## What you should do
Exact copies of the records below are needed, free of pictures.

## Material provided
───

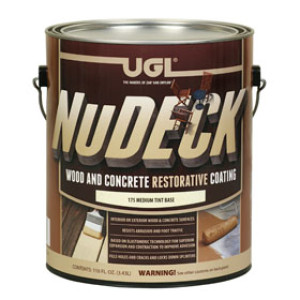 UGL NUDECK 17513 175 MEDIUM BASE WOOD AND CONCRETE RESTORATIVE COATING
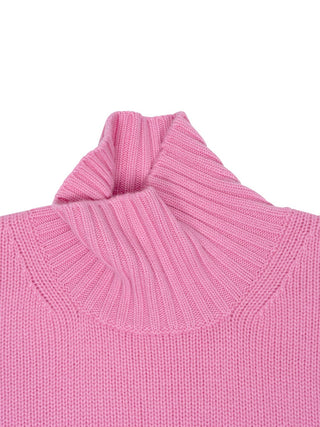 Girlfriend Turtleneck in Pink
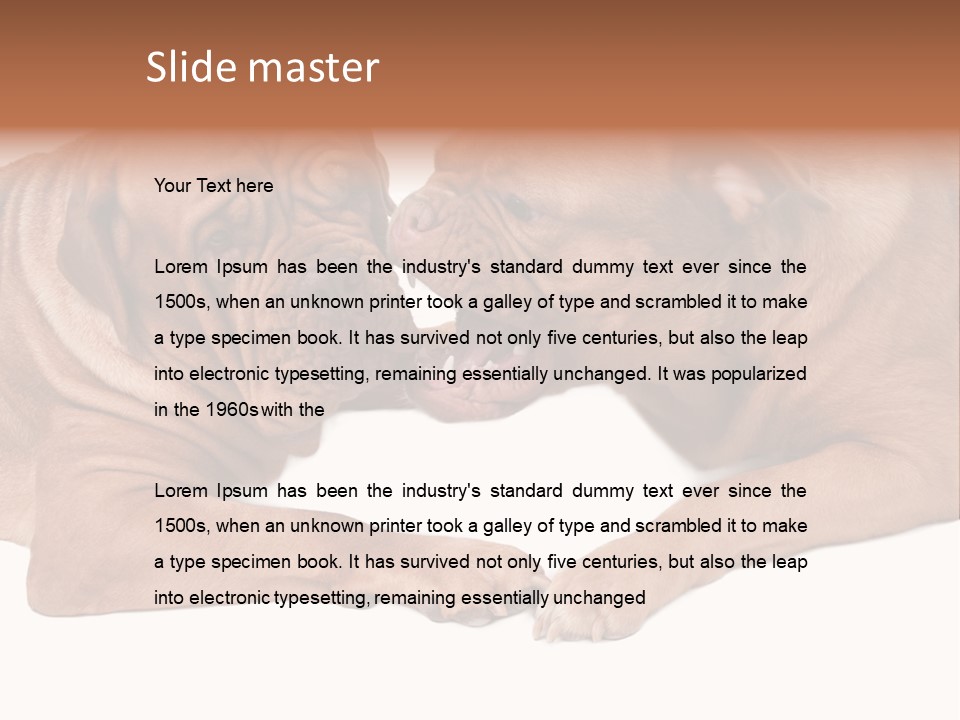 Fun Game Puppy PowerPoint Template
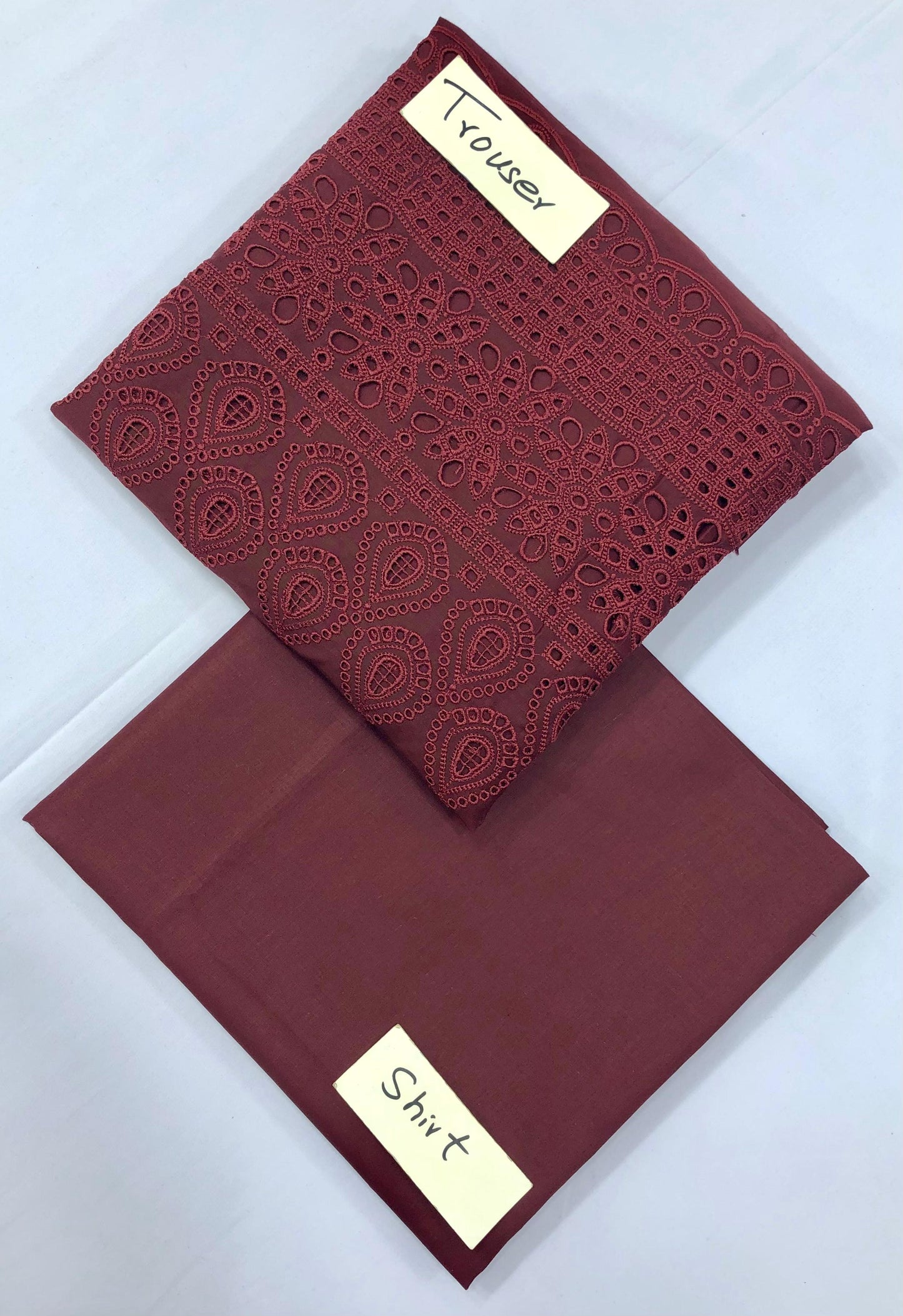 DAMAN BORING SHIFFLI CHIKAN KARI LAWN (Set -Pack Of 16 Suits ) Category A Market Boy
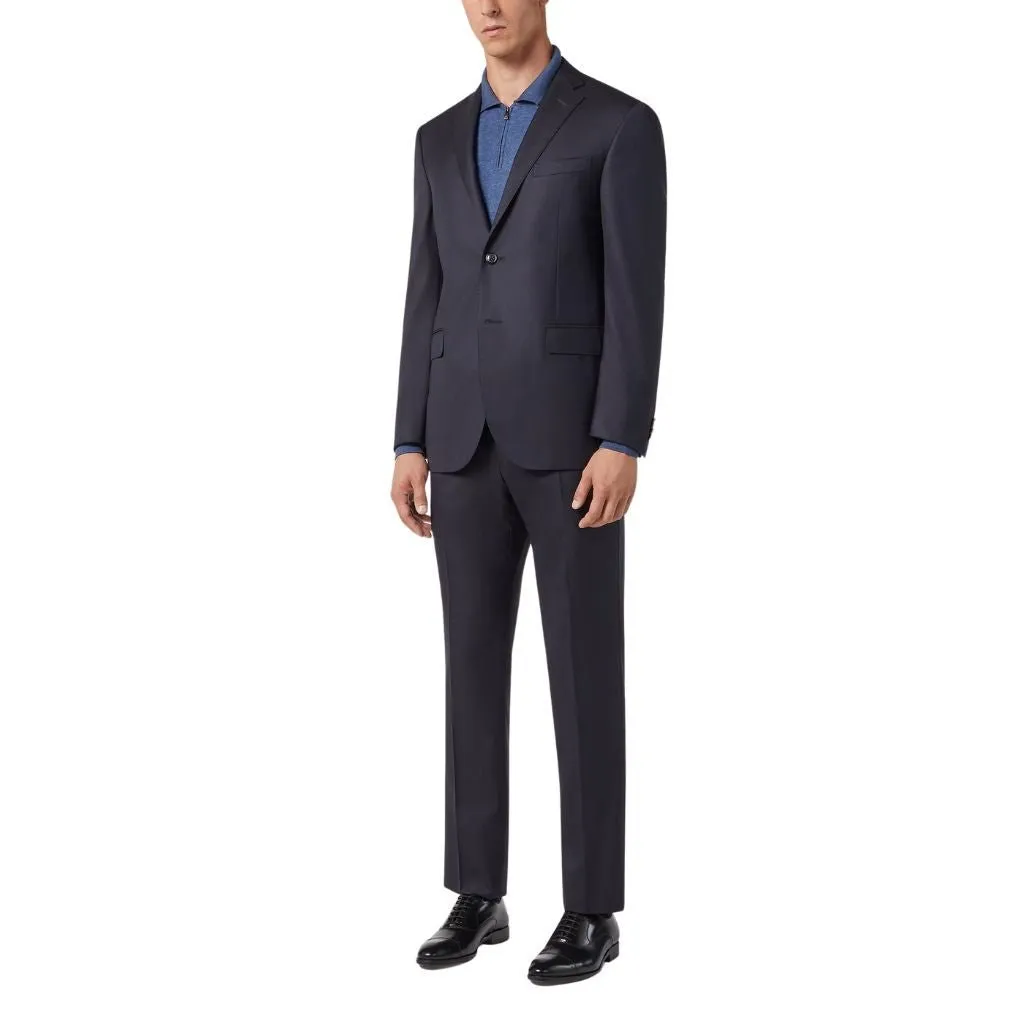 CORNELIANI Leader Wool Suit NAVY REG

───

## Answer section
 UGL NUDECK 17513 175 MEDIUM BASE WOOD AND CONCRETE RESTORATIVE COATING
 Girlfriend Turtleneck in Pink
 Fun Game Puppy PowerPoint Template
 DAMAN BORING SHIFFLI CHIKAN KARI LAWN (Set -Pack Of 16 Suits ) Category A Market Boy
 CORNELIANI Leader Wool Suit NAVY REG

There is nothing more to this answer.